* _EXERCISE PROMPT_: Print the full set of records below, character for character and picture-free.

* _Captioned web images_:

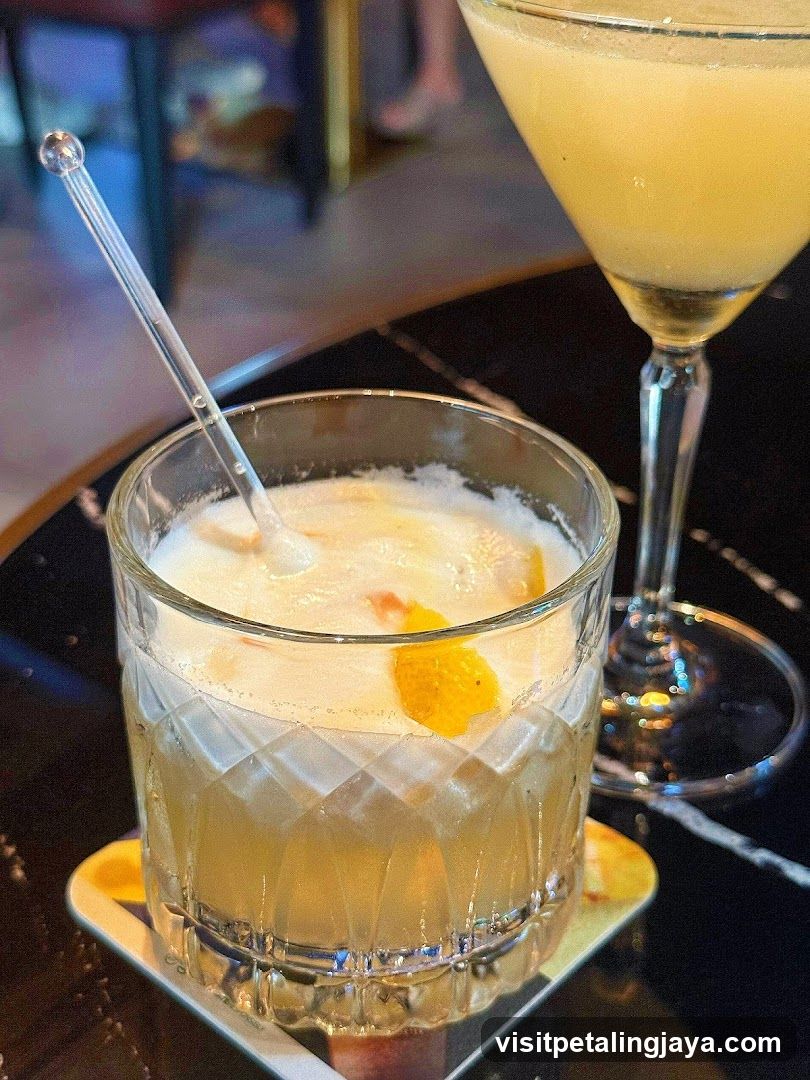 Cocktails on a Bar Table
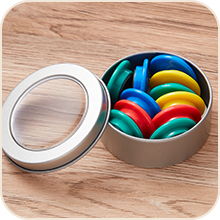 2 унции металлические оловянные банки круглые пустые контейнеры мазь банки с прозрачным винтовым крышкой для кухни, офиса, свечей, конфеты 5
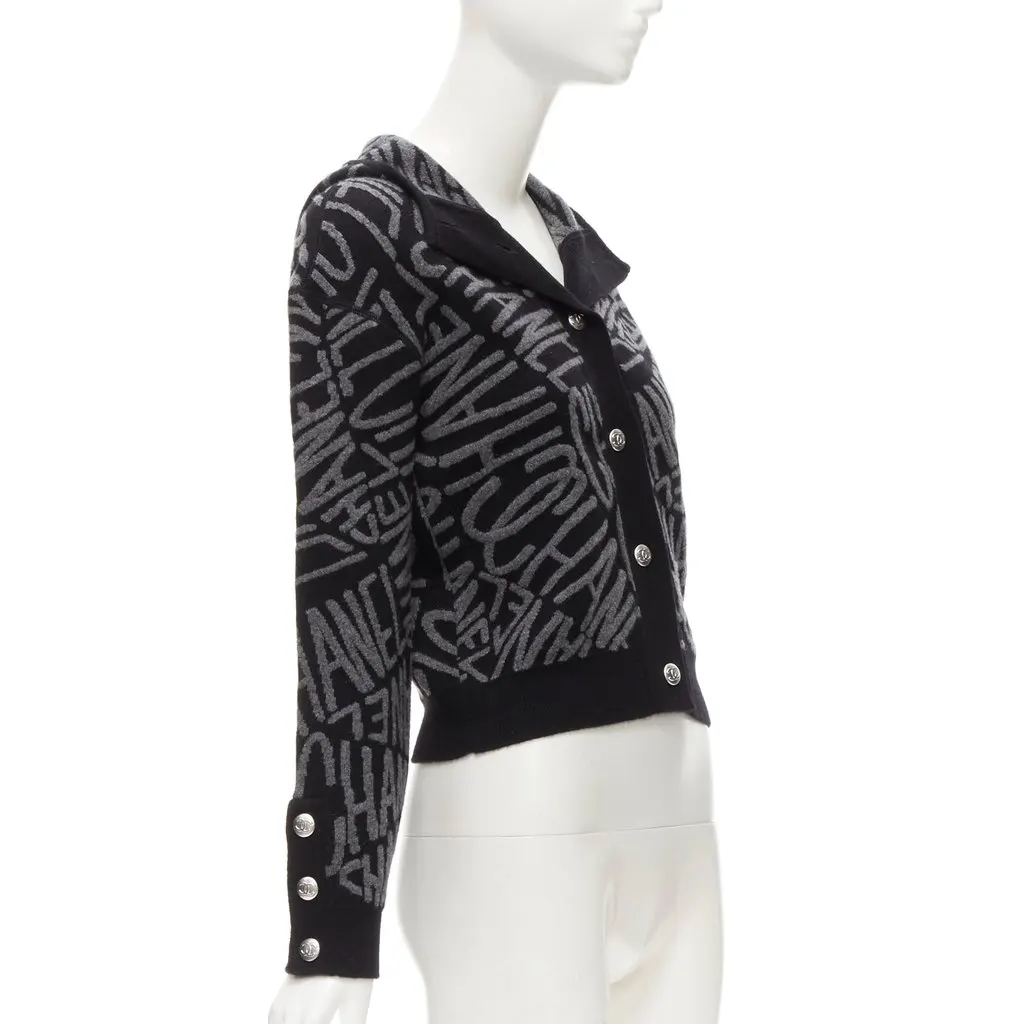 Chanel P70640K10206 Grey Cashmere Never worn - Model View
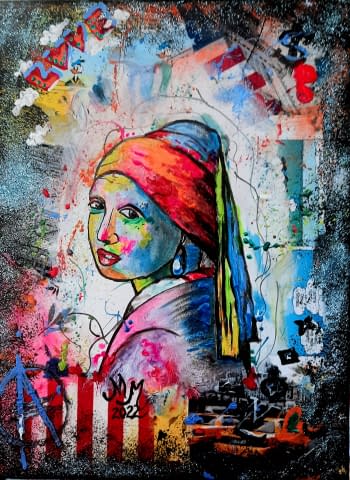 Bild 1 des Kunstwerks ""Vermeer´s Girl"" von Martina Marten auf art24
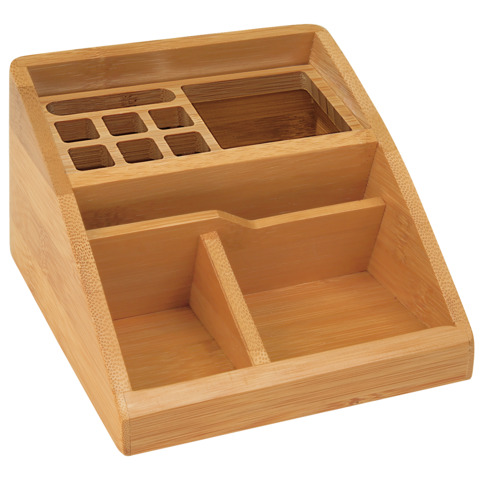 Bürobutler Bambus, schräg WEDO 61 507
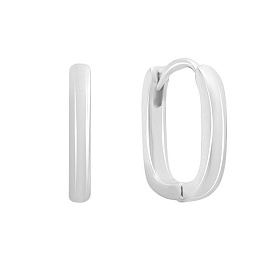 Silver earrings without stones
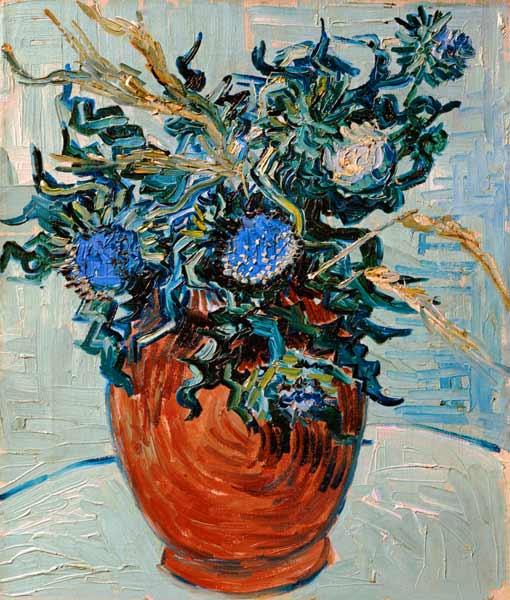 Nature morte avec des chardons à Vincent van Gogh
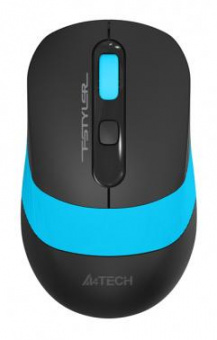 Клавиатура + мышь A4Tech Fstyler FG1010 клав:черный/синий мышь:черный/синий USB беспроводная Multimedia (FG1010 BLUE) от магазина РЭССИ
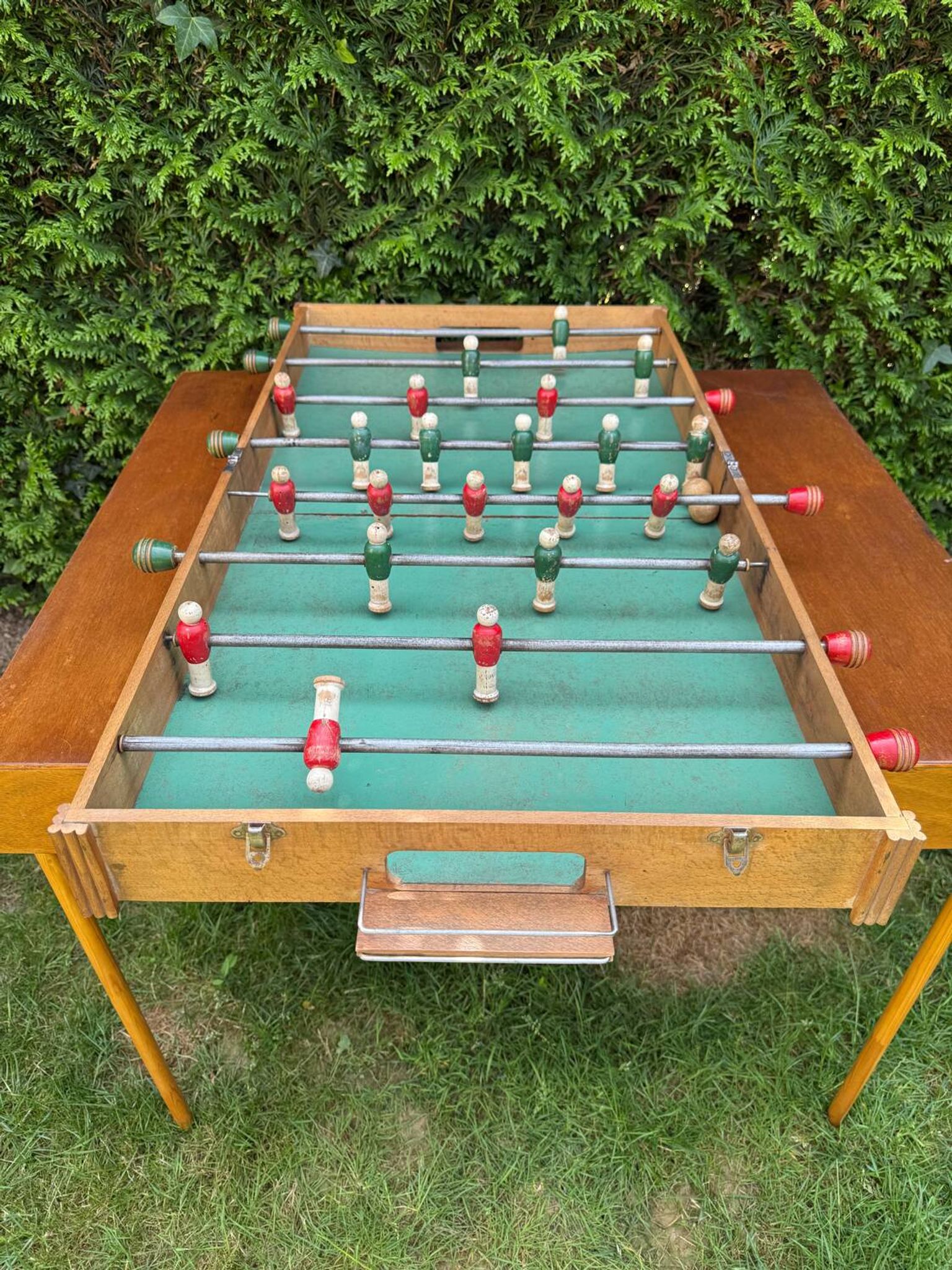 Baby foot ancien pliable,années 50.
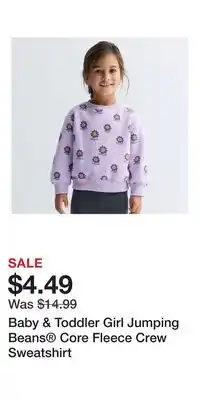 Kohl's Baby & Toddler Girl Jumping Beans Core Fleece Crew Sweatshirt offer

* _YOUR SOLUTION_:
 Cocktails on a Bar Table
 2 унции металлические оловянные банки круглые пустые контейнеры мазь банки с прозрачным винтовым крышкой для кухни, офиса, свечей, конфеты 5
 Chanel P70640K10206 Grey Cashmere Never worn - Model View
 Bild 1 des Kunstwerks ""Vermeer´s Girl"" von Martina Marten auf art24
 Bürobutler Bambus, schräg WEDO 61 507
 Silver earrings without stones
 Nature morte avec des chardons à Vincent van Gogh
 Клавиатура + мышь A4Tech Fstyler FG1010 клав:черный/синий мышь:черный/синий USB беспроводная Multimedia (FG1010 BLUE) от магазина РЭССИ
 Baby foot ancien pliable,années 50.
 Kohl's Baby & Toddler Girl Jumping Beans Core Fleece Crew Sweatshirt offer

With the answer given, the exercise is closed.